The Restless Wave is told from the perspectives of teacher Nell, her complicated mother Hope and her D-Day Army Chaplain grandfather Edward.
Nell’s part in the story begins when she makes a BIG mistake by posting a social media comment which rapidly wrecks her life. (I’m not sure I’d have realised that a child’s name of Kar-ian would be pronounced ‘Kardashian’ rather than ‘Carrie-Anne’ either!)
We first meet Hope in 1945, an evacuee child about to be torn from the Dorset countryside she loves, to move to Birmingham with a father she barely knows and who is scarred both physically and mentally by the war.

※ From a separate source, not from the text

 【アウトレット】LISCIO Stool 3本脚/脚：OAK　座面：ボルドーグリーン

Meanwhile, Edward’s story is woven in and out of both Nell and Hope’s. We follow him from childhood in colonial India to his ordination training which will lead from an Oxford curacy to the French beaches of D-Day, and beyond.

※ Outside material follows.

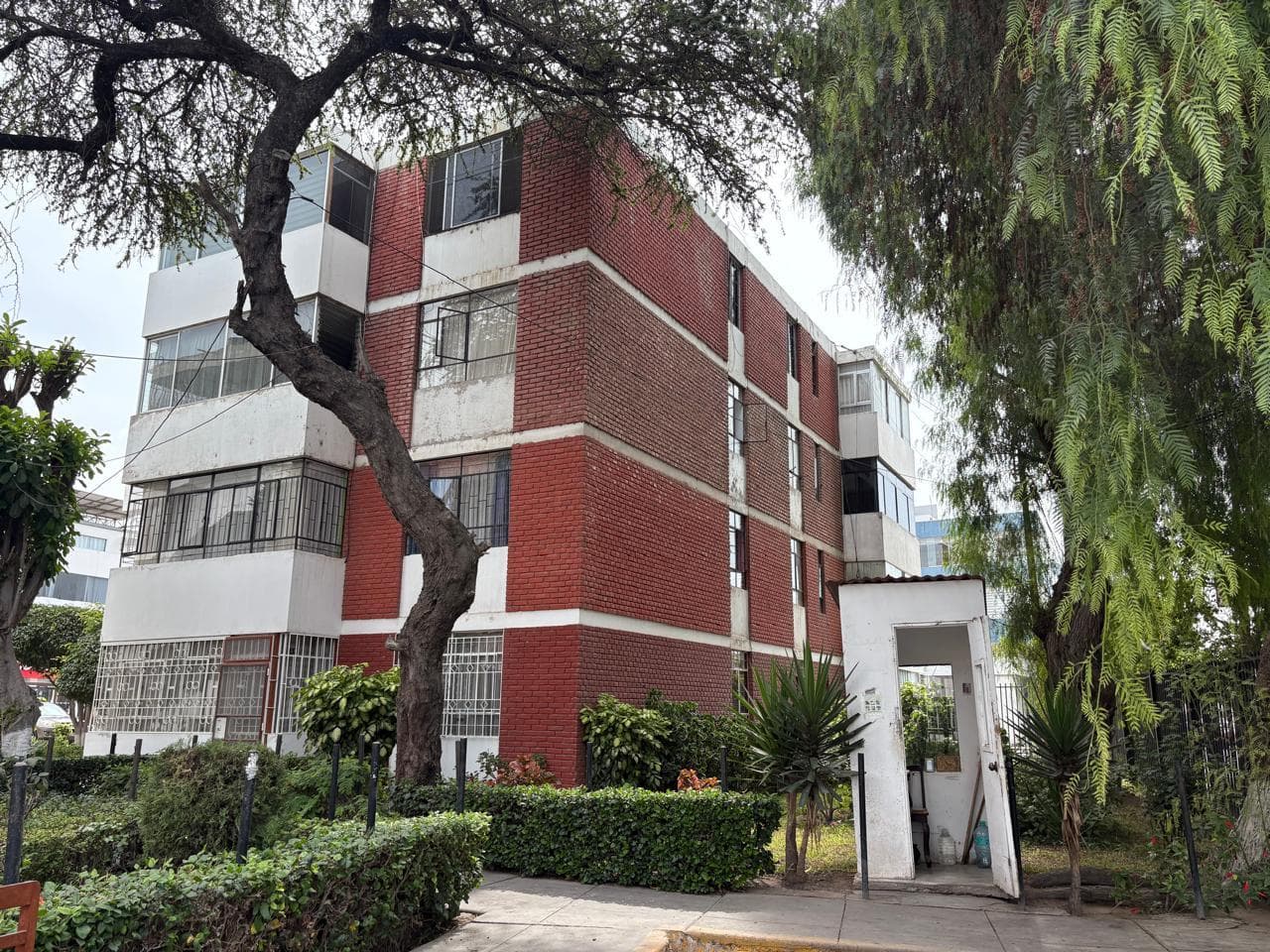 Departamento de 4 habitaciones de 107m2 Res. Pascual Saco Chiclayo - 1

This is a complex, multi-layered book. The story (‘stories’?) is engrossing and I was eager to find out what happened next for each of the characters, and to find out the resolution of the mystery of the letter and photograph Nell finds in an old desk. There is some swearing, and a rather nasty incident at Edward’s school. The latter is a pity as I couldn’t see that it added anything to the rest of the story. However, it’s a couple of paragraphs in what is otherwise an excellent book.